Given material:
• • •

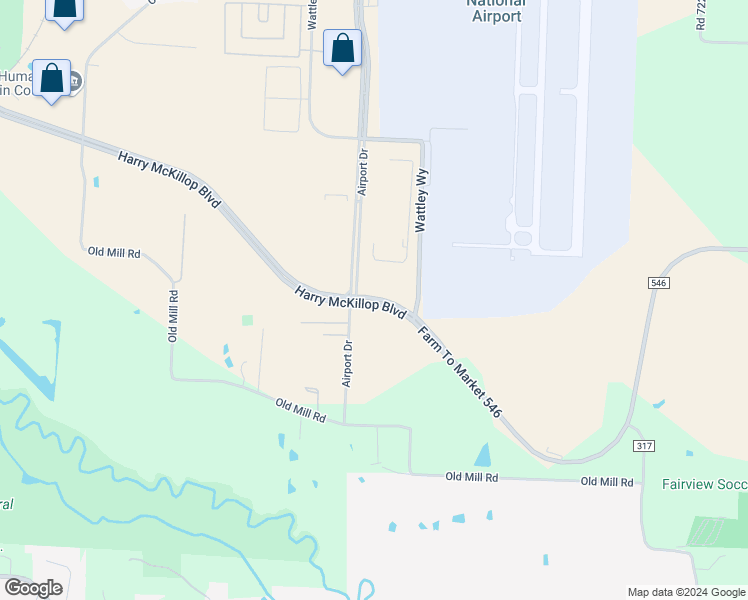 map of restaurants, bars, coffee shops, grocery stores, and more near 7505 Fossil Creek Trail in McKinney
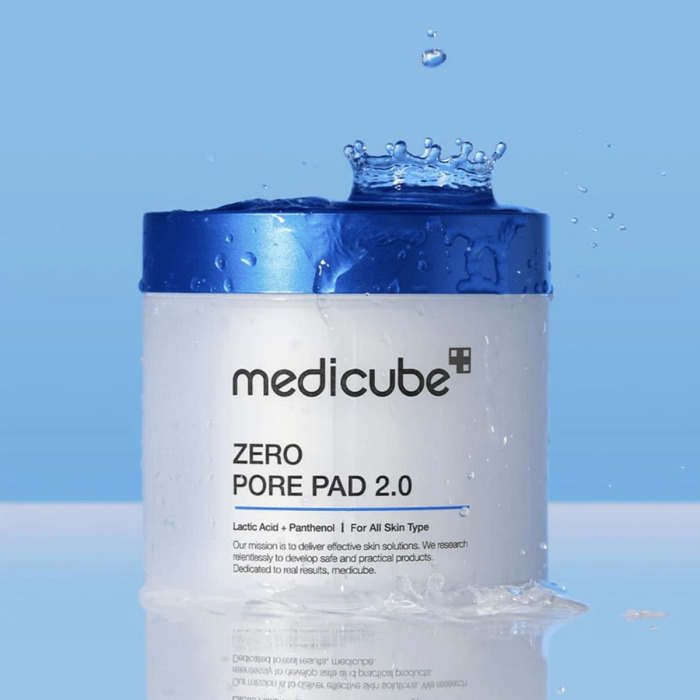 Пилинг-Педы для Очищения и Сужения Пор Medicube Zero Pore Pad 2.0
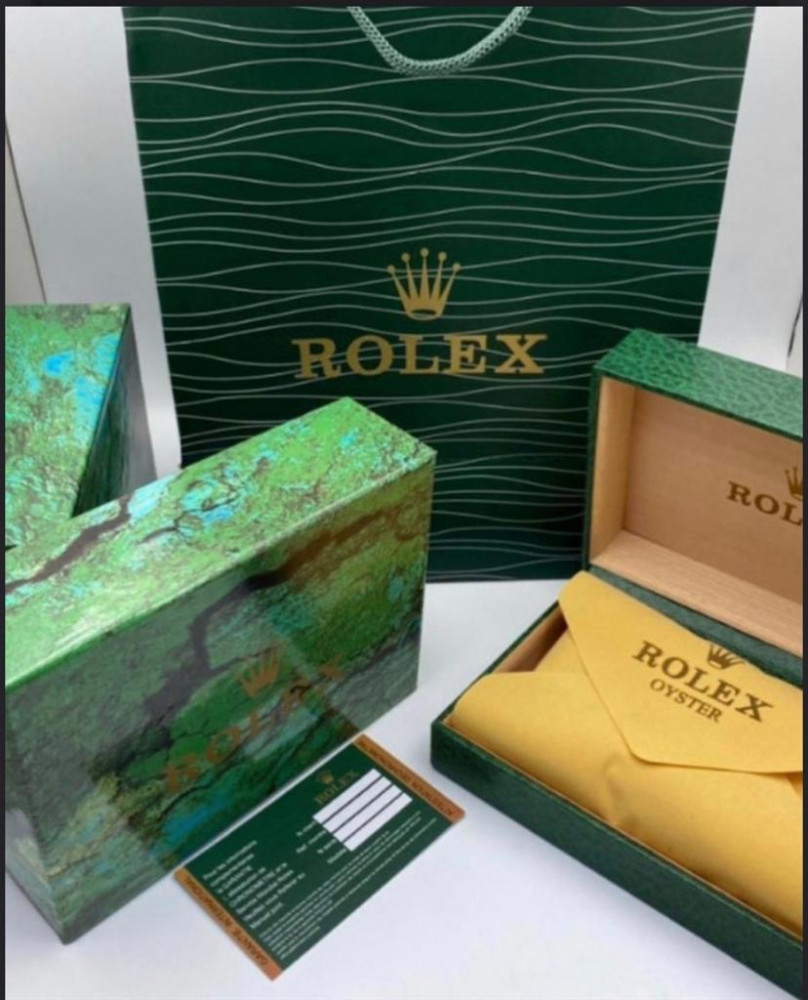 Rolex Datejust watch with battery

• • •

Task to complete:
Omit each picture, then return all of the listing exactly as it stands.

Reply:
 map of restaurants, bars, coffee shops, grocery stores, and more near 7505 Fossil Creek Trail in McKinney
 Пилинг-Педы для Очищения и Сужения Пор Medicube Zero Pore Pad 2.0
 Rolex Datejust watch with battery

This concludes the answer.